[TensorExpr] PyBinds: improve QoL of pybind users. (#64886)

Summary: Pull Request resolved: https://github.com/pytorch/pytorch/pull/64886 Bind methods for implicit conversions and constructors to avoid boilerplate code. Differential Revision: D30889193 D30889193 Test Plan: Imported from OSS Reviewed By: jbschlosser Pulled By: ZolotukhinM fbshipit-source-id: 137c0c98f7f1576e1bb97c8de8a900b28407a30e
2025-10-20 21:14:14 +08:00 · 2021-09-14 00:19:57 -07:00
parent caaa6efc1a
commit 199031c48e
2 changed files with 78 additions and 42 deletions
--- a/test/test_tensorexpr_pybind.py
+++ b/test/test_tensorexpr_pybind.py
@ -9,15 +9,14 @@ import unittest
 LLVM_ENABLED = torch._C._llvm_enabled()


-def construct_adder(n: int, dtype=te.Dtype.Float):
-    dN = te.ExprHandle.int(n)
-    A = te.Placeholder('A', dtype, [dN])
-    B = te.Placeholder('B', dtype, [dN])
+def construct_adder(n: int, dtype=torch.float32):
+    A = te.BufHandle('A', [n], dtype)
+    B = te.BufHandle('B', [n], dtype)

    def compute(i):
        return A.load([i]) + B.load([i])

-    C = te.Compute('C', [te.DimArg(dN, 'i')], compute)
+    C = te.Compute('C', [n], compute)

    loopnest = te.LoopNest([C])
    loopnest.prepare_for_codegen()
@ -50,17 +49,15 @@ class TestTensorExprPyBind(JitTestCase):
    def test_external_calls(self):
        dtype = torch.float32

-        ONE = te.ExprHandle.int(1)
-        FOUR = te.ExprHandle.int(4)
-        A = te.BufHandle('A', [ONE, FOUR], dtype)
-        B = te.BufHandle('B', [FOUR, ONE], dtype)
-        C = te.BufHandle('C', [ONE, ONE], dtype)
+        A = te.BufHandle('A', [1, 4], dtype)
+        B = te.BufHandle('B', [4, 1], dtype)
+        C = te.BufHandle('C', [1, 1], dtype)

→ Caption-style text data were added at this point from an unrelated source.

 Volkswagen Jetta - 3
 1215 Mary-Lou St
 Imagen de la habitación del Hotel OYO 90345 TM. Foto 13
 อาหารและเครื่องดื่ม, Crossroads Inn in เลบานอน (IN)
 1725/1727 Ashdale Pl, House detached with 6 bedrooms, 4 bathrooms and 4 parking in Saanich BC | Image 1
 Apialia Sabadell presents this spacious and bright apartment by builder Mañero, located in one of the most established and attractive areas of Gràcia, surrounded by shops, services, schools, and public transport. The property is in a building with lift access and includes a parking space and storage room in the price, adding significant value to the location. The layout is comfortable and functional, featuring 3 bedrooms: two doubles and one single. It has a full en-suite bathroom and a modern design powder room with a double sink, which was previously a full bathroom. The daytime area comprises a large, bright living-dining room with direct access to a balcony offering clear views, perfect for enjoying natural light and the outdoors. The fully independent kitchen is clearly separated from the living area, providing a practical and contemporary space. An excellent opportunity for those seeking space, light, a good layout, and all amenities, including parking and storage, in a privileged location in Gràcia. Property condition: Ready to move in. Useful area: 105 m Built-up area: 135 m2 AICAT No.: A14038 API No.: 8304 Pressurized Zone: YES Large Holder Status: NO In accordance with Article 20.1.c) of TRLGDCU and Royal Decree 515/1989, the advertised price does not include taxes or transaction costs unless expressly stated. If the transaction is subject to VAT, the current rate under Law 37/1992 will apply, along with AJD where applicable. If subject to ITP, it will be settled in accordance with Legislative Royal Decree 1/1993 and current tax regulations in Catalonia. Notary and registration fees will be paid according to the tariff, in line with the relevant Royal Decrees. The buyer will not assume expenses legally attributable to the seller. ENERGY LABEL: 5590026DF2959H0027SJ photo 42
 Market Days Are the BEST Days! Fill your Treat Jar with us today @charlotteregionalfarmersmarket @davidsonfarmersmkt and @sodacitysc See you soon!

        s = te.ExternalCall(C, "nnc_aten_matmul", [A, B], [])

        loopnest = te.LoopNest(s, [C])
        loopnest.prepare_for_codegen()
-        codegen = te.construct_codegen('ir_eval', s, [te.BufferArg(x) for x in [A, B, C]])
+        codegen = te.construct_codegen('ir_eval', s, [A, B, C])

        tA = torch.ones(1, 4)
        tB = torch.ones(4, 1)
@ -97,11 +94,8 @@ class TestTensorExprPyBind(JitTestCase):
        test_with_shape(31)

    def test_dtype_error(self):
-        one = te.ExprHandle.int(1)
-        te.Placeholder([one], torch.float32)  # ok
-        te.Placeholder([one])  # ok
-        self.assertRaises(TypeError,
-                          lambda: te.Placeholder([one], "float55"))
+        te.BufHandle('a', [1], torch.float32)  # ok
+        self.assertRaises(TypeError, lambda: te.BufHandle('a', [1], "float55"))

    @unittest.skipIf(not LLVM_ENABLED, "LLVM backend not enabled")
    def test_kernel_with_tensor_inputs(self):
@ -124,7 +118,7 @@ graph(%a.1 : Float(4, 4, strides=[4, 1], requires_grad=0, device=cpu),
        """
        graph = torch._C.parse_ir(graph_str)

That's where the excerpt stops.